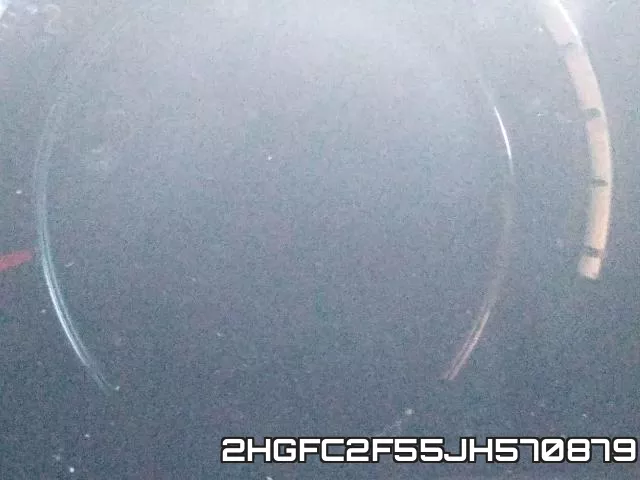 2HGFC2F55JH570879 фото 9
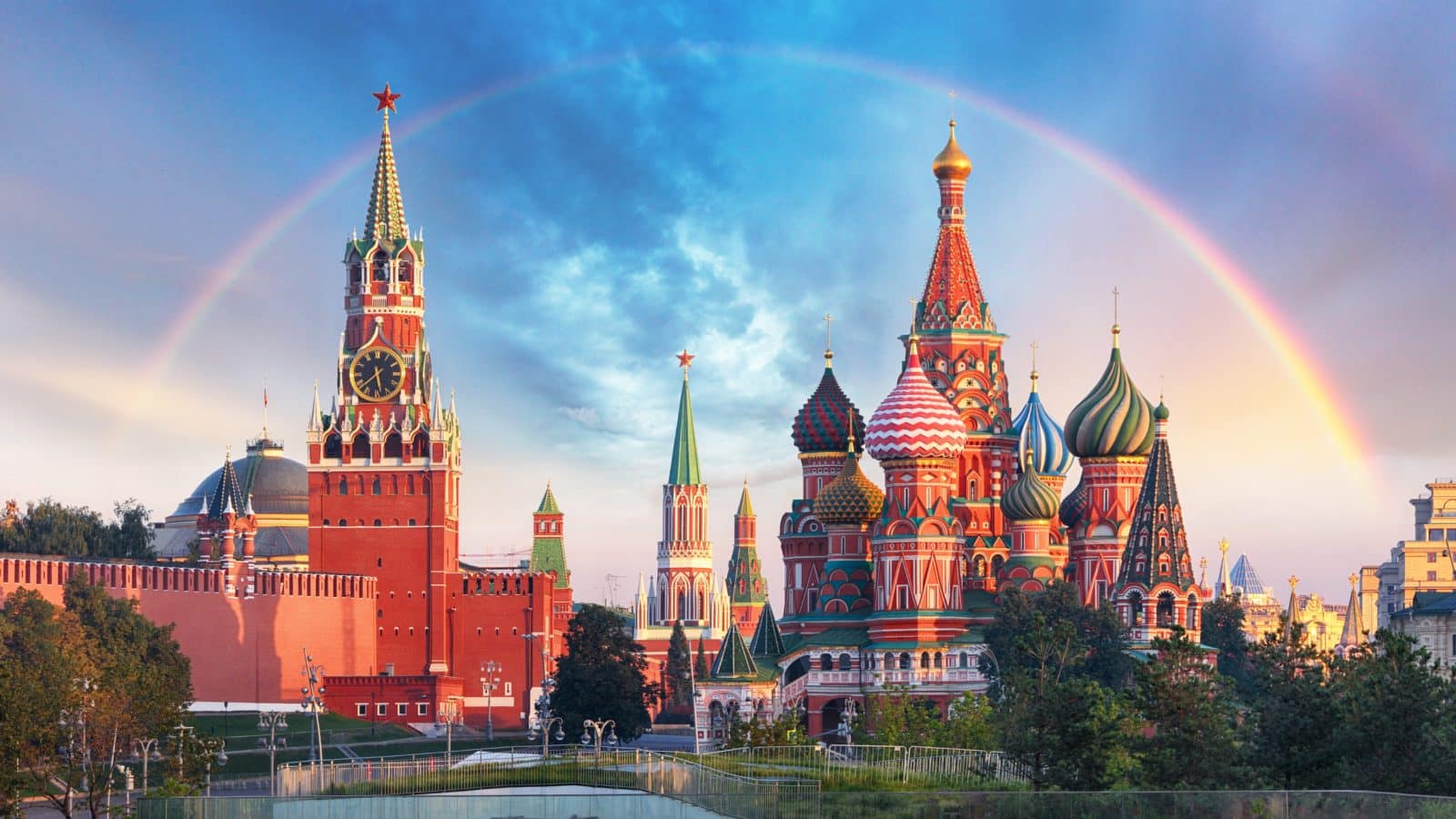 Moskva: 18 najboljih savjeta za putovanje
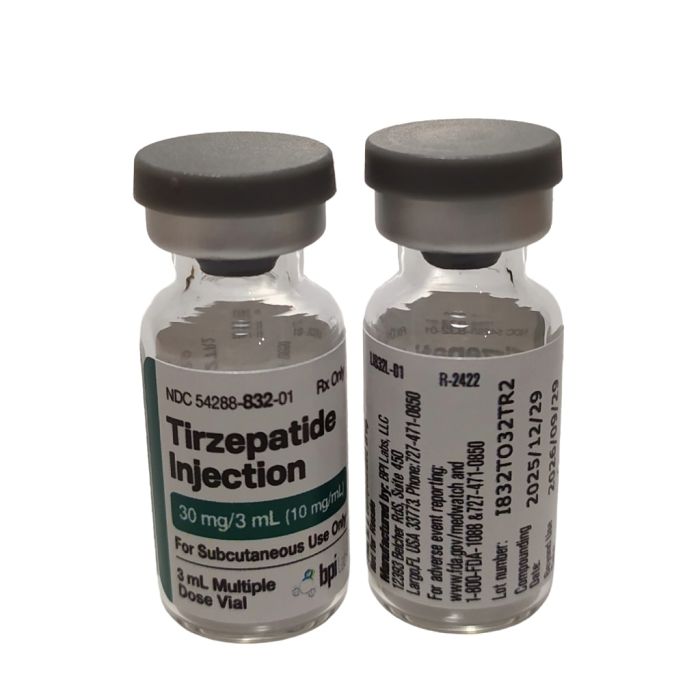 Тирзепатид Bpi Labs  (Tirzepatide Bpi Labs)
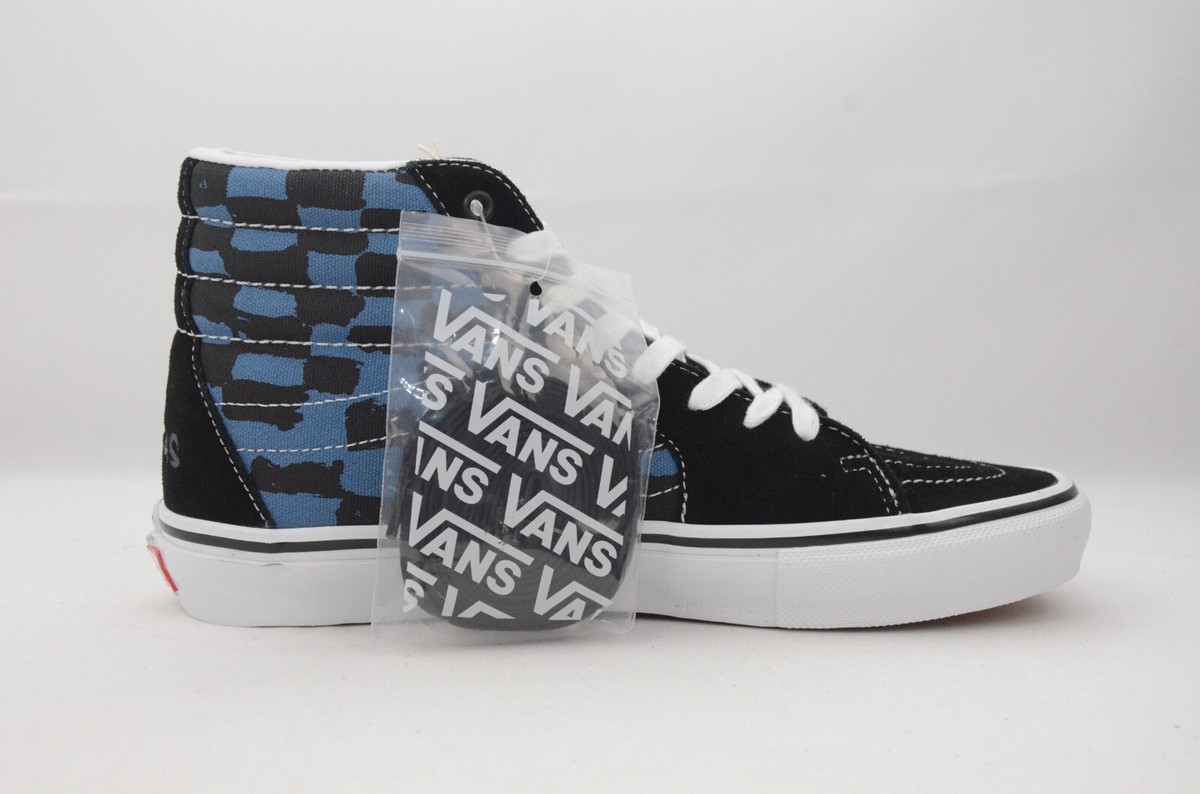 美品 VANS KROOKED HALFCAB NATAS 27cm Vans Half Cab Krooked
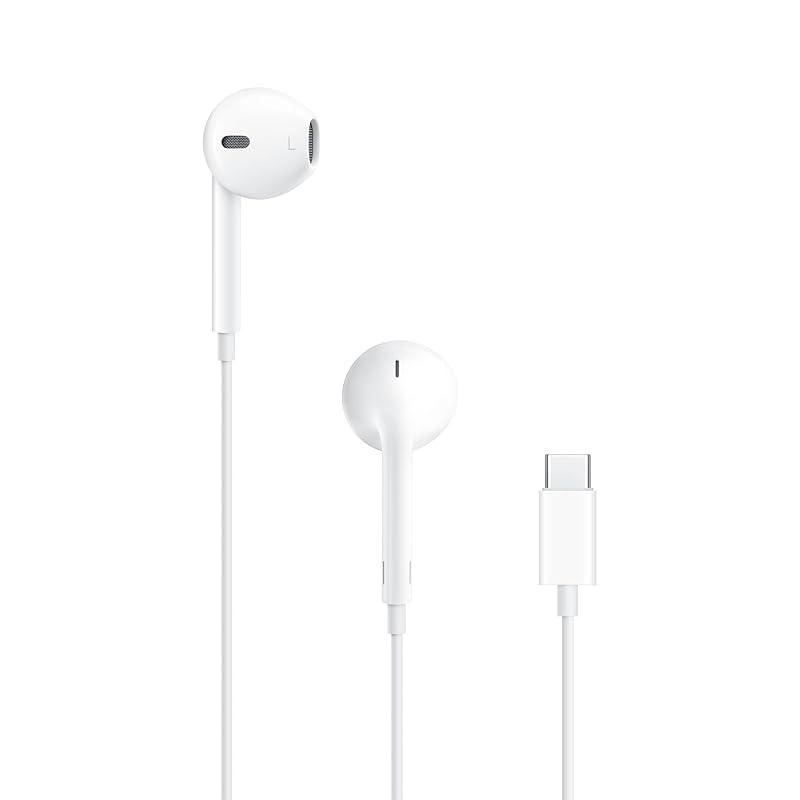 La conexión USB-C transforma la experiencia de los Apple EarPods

WORK TO BE COMPLETED
The lines from the one containing "美品 VANS KROOKED" through the last line of the entries are to be copied exactly, both ends included, and the pictures are to be omitted.

OUTPUT BELOW
 美品 VANS KROOKED HALFCAB NATAS 27cm Vans Half Cab Krooked
 La conexión USB-C transforma la experiencia de los Apple EarPods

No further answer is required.